It is a sprawling mass of humanity. The streets are crowded, even at 2am.
Everyone talks politics and the return of a military dictator who may save Lagosians from a President seen as both weak and corrupt.
The 20 million who live in Lagos consider themselves to be the toughest people on earth. And ever a city to buck a trend, its majority Christian population is likely to vote for a Muslim ex-dictator in this Saturday’s presidential election.
For many in Nigeria, the elections are seen as a choice between Goodluck Jonathan – the weak President who has failed to defeat the Boko Haram insurgency in the north-east and has not improved the lives of millions of poor – and Muhammadu Buhari, a former military ruler.

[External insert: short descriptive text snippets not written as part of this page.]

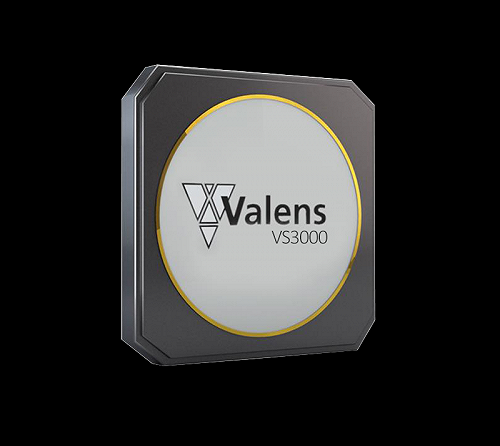 Valens HDBaseT 3.0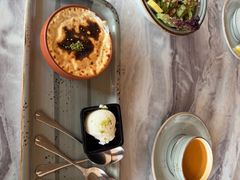 -BEYTI RESTAURANT贝迪土耳其餐厅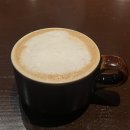 Pressed dr | 올드시티 로컬 맛집 Cuba Libre 쿠바 리브레 후기 메뉴 &amp; 칵테일 커피 추천 필라델피아 여행 코스 추천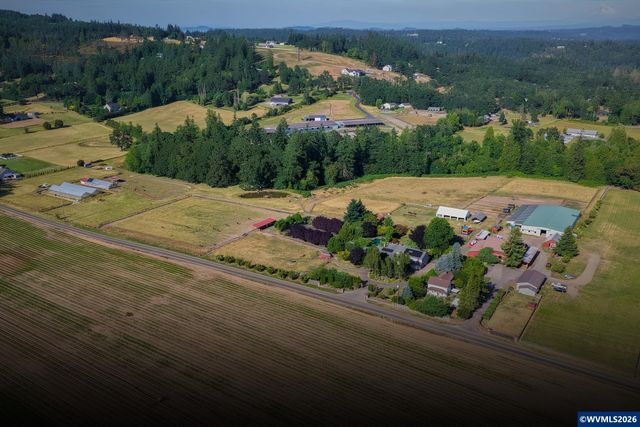 29700 SW Mountain Rd, West Linn, OR 97068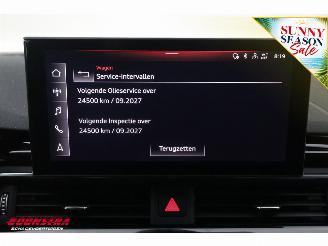 Audi A4 Avant 35 TFSI Aut. S-Line LED Virtual Navi Clima Cruise SHZ PDC picture 19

General Buhari has retired from the army but is still widely referred to by his rank. He will hope to be democratically elected president at the third successive attempt. Defeats at the 2011, and 2007 elections have not discouraged the one-time dictator. His All Progressives Congress (APC) party believes its anti-corruption platform has resonated among a population struggling to make ends meet. Lagos alone has more than 9,000 millionaires, but most people live a hand-to-mouth existence.
When $20bn went missing from state funds last year, few people were surprised. The APC made hay. Lagos State Governor, Babatunde Fashola, told a campaign rally this month: “The Burj Khalifa building in Dubai was built with $1.5bn to arrest the attention of the world. This administration has lost $20bn.”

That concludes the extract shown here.